Peter Henrici (born 31 March 1928) is a Swiss Jesuit priest, Blondelian philosopher and professor (1960–1993) at the Gregorian University. He was Auxiliary Bishop of Chur from 1993 to 2007.

Biography
Born on 31 March 1928 at Zurich, Henrici happens to be a cousin of the Catholic theologian Hans Urs von Balthasar. Henrici  joined the Society of Jesus and made his first profession (first vows) in 1947. After studies in philology at the University of Zürich, he pursued further studies in philosophy and theology at different universities in Rome, Munich and Lyon. He was ordained as a priest in 1958, and in 1965 he made his final religious profession as a Jesuit.

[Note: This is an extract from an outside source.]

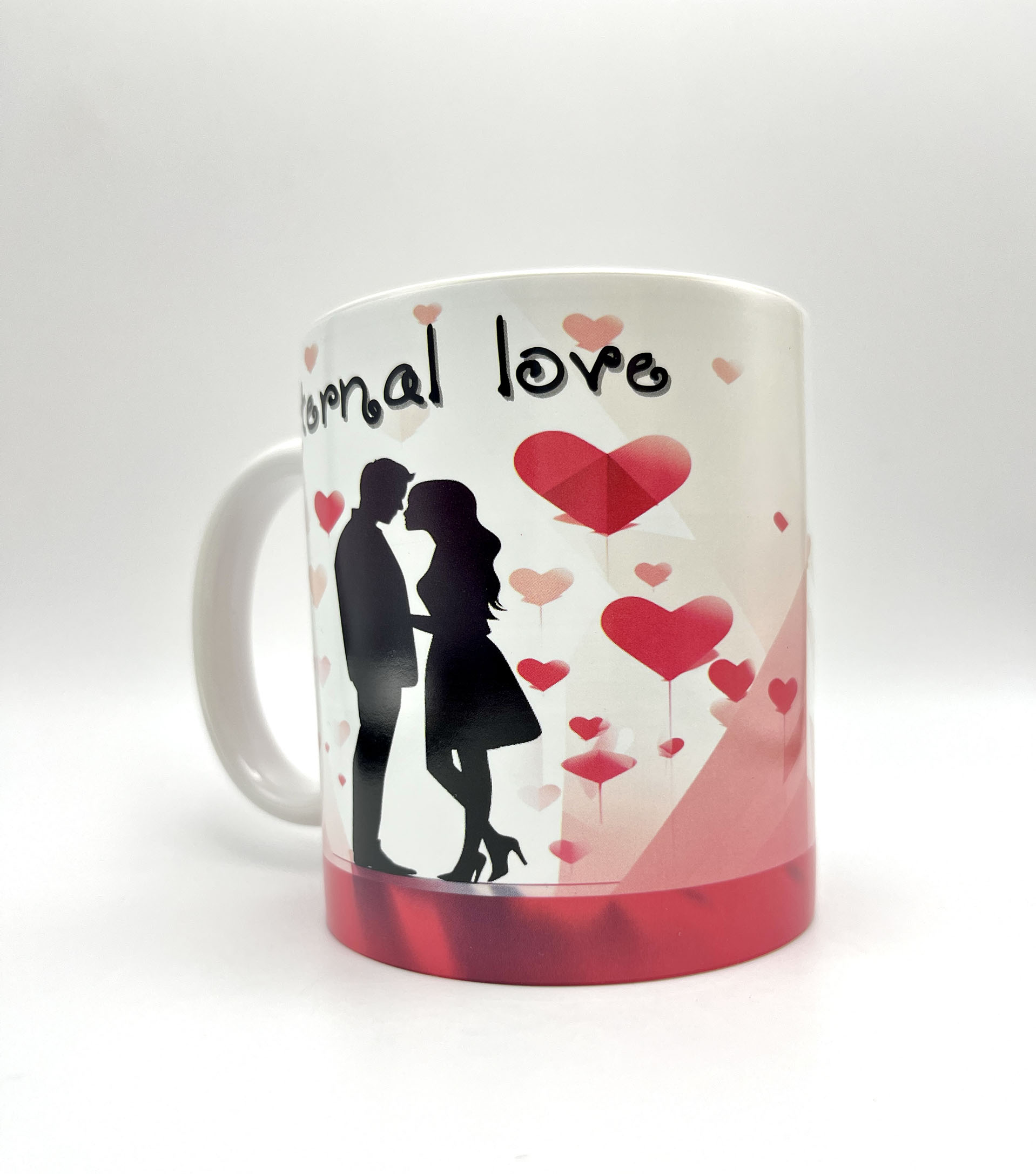 Eternal Love Couples Hug Each Happy Valentine’s Day Gifts Ceramic Mug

Professor at the Gregorian University
From 1960 to 1993 Henrici taught History of Modern Western Philosophy at the Pontifical Gregorian University, Rome, where he also served as Dean of the Faculty of Philosophy up to his appointment as Auxiliary Bishop of Chur. He was one of the much sought after professors at the Gregorian. His occasional lecture courses were often given to classes that were packed to overflowing. In the 1990–91 'A Philosophical Discourse for Theology' in the Faculty of Theology, for example, he gave a thrilling overview of the contributions of philosophy to Christian theology beginning from the doctrine of analogy in Plato and coming down to Heidegger. Again, in the 1990 graduate seminar on 'Methods of Interpreting a Philosophical Text,' with a chapter from Blondel's L'Action (1893), he gave hands-on training in the methods of Internal and External Structure, Lexicology, Metaphorology, Internal and External Sources, Redaktionsgeschichte, Wirkungsgeschichte, and Deutungsgeschichte (self- and other-interpretation).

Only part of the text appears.